Prompt — When you restate the data, keep every word as it is and drop the images.

Information provided —
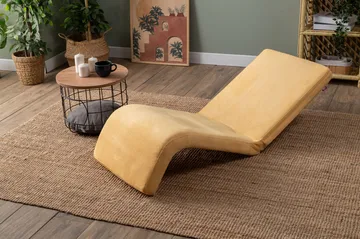 Sovesofa til 1 person Atelier Del Sofa Nami Single (55 x 50 x 60 cm) Sennep - Møbler - Sofaer - Sovesofaer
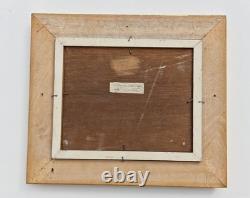 Huile sur panneau 3F paysage marin voiliers au mouillage tableau ancien marine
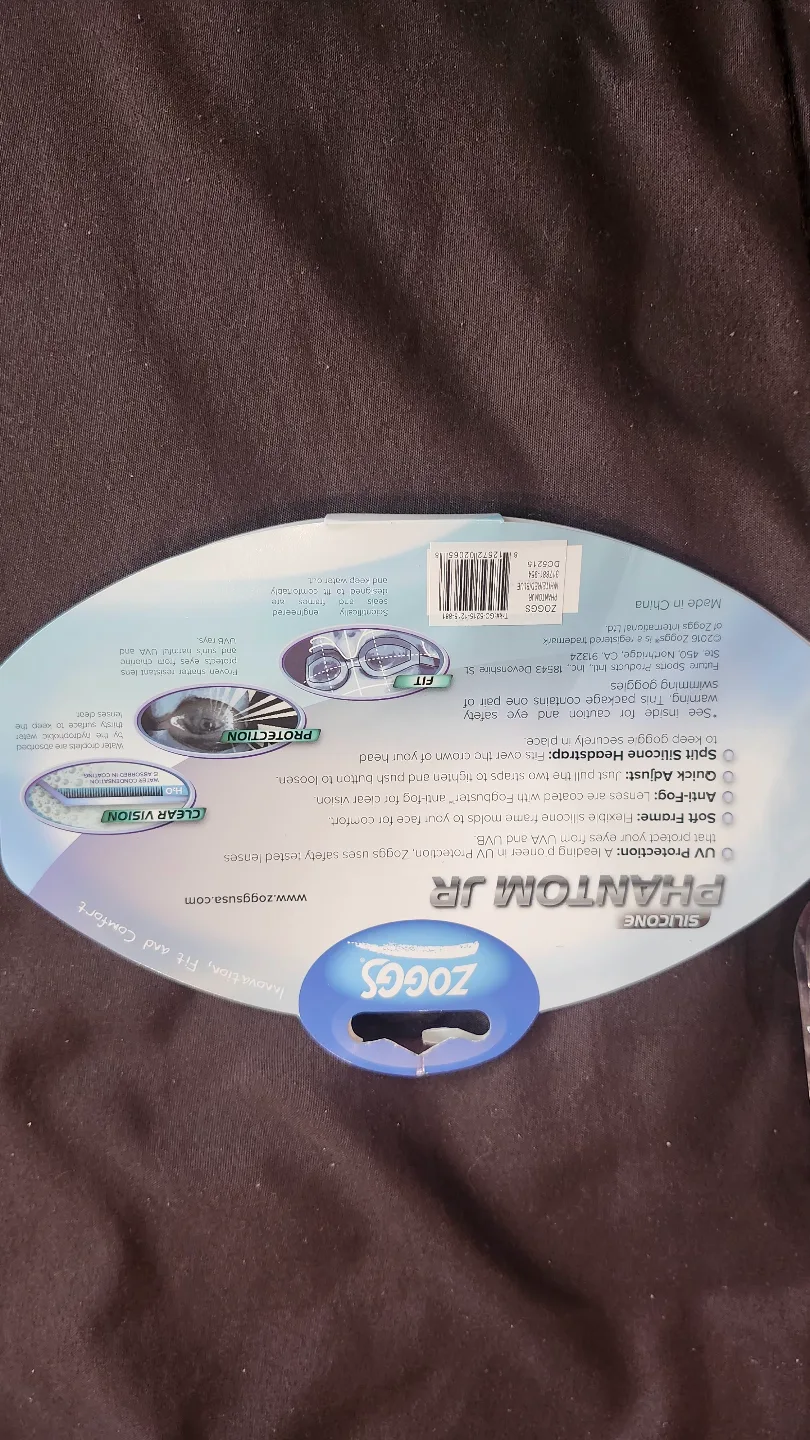 Zoggs Phantom Jr. Silicone Swimming Goggles image indicator(2)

The answer —
 Sovesofa til 1 person Atelier Del Sofa Nami Single (55 x 50 x 60 cm) Sennep - Møbler - Sofaer - Sovesofaer
 Huile sur panneau 3F paysage marin voiliers au mouillage tableau ancien marine
 Zoggs Phantom Jr. Silicone Swimming Goggles image indicator(2)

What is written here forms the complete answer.